The key is to be focused. What is the one most important message you want potential customers to see or perceive when they first see your exhibit? Is it a corporate-themed message, a specific new product offering, a service? This is probably the first question you should ask of your peers and management the very first time you meet to discuss your exhibit. Focus on the one most important thing that you want to convey to show attendees. Once this is defined, it’s amazing how things will fall into place and creative ideas will start flowing on how to best communicate your message.
Before you look to identify your focal messaging point, it’s best to start by reaffirming your company’s core attributes with management:
1. Define the core performance and value advantages that your company and products and/or services deliver.

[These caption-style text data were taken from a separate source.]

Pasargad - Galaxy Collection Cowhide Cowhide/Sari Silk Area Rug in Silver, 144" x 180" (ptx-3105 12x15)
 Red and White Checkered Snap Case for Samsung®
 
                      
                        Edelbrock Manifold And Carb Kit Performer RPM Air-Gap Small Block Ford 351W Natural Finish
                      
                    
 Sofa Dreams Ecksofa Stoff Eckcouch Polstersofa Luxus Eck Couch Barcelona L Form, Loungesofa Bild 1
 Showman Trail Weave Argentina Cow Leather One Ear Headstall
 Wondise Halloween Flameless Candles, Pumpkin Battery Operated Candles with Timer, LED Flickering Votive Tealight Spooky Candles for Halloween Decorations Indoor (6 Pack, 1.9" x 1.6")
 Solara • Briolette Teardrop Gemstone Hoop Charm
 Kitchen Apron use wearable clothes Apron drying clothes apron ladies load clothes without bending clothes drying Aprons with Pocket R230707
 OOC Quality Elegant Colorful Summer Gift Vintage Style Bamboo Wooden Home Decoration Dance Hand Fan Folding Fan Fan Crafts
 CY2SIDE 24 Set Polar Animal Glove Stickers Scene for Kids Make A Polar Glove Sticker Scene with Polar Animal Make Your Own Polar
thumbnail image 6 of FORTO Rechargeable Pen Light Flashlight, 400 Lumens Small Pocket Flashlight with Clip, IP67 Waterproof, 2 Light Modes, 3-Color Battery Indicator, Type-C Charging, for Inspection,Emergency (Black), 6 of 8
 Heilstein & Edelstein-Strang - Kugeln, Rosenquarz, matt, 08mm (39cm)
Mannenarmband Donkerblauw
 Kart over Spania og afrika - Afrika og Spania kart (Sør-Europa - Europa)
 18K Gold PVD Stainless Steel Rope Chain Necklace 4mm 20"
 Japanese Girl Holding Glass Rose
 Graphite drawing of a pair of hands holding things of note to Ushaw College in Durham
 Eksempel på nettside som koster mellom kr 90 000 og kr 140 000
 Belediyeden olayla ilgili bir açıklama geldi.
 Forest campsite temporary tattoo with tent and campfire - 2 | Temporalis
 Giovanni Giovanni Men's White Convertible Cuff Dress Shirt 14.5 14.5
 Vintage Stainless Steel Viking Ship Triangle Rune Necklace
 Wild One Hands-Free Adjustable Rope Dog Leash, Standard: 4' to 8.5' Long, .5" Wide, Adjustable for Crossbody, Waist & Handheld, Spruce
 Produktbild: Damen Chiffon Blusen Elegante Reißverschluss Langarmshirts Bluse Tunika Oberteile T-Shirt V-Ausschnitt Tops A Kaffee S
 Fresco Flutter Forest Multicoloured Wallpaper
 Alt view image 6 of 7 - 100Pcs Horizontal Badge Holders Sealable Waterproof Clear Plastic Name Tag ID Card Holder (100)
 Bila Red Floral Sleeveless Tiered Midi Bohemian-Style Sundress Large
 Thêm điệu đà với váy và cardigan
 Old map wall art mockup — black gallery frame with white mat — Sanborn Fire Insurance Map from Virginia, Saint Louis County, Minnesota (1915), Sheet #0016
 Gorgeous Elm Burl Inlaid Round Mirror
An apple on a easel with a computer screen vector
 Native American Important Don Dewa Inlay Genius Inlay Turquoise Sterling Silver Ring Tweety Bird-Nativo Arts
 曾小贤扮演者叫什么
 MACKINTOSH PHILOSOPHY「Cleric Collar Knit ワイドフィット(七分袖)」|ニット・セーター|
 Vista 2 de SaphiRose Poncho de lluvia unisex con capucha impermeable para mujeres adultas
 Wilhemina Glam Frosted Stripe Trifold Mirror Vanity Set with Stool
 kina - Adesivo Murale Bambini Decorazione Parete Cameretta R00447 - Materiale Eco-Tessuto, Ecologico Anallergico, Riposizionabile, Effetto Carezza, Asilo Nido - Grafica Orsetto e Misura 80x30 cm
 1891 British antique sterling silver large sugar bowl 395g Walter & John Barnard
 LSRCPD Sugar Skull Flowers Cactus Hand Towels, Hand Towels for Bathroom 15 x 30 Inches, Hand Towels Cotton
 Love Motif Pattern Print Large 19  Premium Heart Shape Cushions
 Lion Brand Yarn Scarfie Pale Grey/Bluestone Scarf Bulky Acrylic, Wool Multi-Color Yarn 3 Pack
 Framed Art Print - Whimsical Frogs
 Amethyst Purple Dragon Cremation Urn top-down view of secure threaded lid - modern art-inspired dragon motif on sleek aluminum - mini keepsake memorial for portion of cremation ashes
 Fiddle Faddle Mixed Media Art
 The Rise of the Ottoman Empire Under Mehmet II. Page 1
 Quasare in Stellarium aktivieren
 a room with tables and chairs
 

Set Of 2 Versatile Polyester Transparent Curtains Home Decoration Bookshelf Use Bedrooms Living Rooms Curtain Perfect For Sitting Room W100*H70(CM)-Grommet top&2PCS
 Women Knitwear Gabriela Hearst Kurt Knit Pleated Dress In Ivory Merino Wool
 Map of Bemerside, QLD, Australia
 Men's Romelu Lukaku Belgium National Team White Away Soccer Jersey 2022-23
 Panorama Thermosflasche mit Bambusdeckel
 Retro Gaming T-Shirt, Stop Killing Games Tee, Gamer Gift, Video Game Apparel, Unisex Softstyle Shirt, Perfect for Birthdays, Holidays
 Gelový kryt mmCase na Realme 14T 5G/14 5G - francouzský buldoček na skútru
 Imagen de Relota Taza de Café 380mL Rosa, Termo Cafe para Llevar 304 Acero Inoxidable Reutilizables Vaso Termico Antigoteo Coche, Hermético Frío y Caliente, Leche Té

2. Define their key differentiators in terms of innovation, depth of offerings, and/or leadership position.
This may seem to be a simple exercise for management and marketing personnel all working together every day in the same company, but you’ll be surprised just how difficult it may be to get people to commit to key positioning points and messaging. Without this consensus, you’ll be fighting an uphill battle long before the show even opens. Push this agenda to define core attributes and messaging points and you’ll achieve better overall results with a unified and focused team effort.
Envision What Your Prospects Want to See
There are numerous reasons why people attend trade shows. I recently read an independent study that placed trade show attendance as the most valuable source of new product information for security professionals. This study reaffirms the need to remain highly focused on what prospective buyers want to see from your company when designing your display. If you’re selling cameras, show them why they are better — whether it be through demonstrations to highlight resolution, low-light performance, distance, ruggedness, etc., and put it up front and center.
Another important consideration is the education factor that your display offers show attendees. Strive to tell attendees something new. Even if you don’t have a new introduction, freshen up your messaging with a new angle. Then provide the resources to educate prospects so that you become their benchmark for comparison with competitive solutions. Simply stating that you have something “new” also won’t cut it on its own merits. It may do the trick to solicit conversations with existing customers, but you don’t need to undertake the resources and expense of a trade show to talk to people you already have an open line of communications with. You want to develop new business opportunities. Walking away from a show with hot leads is the true measure of success for trade show participation.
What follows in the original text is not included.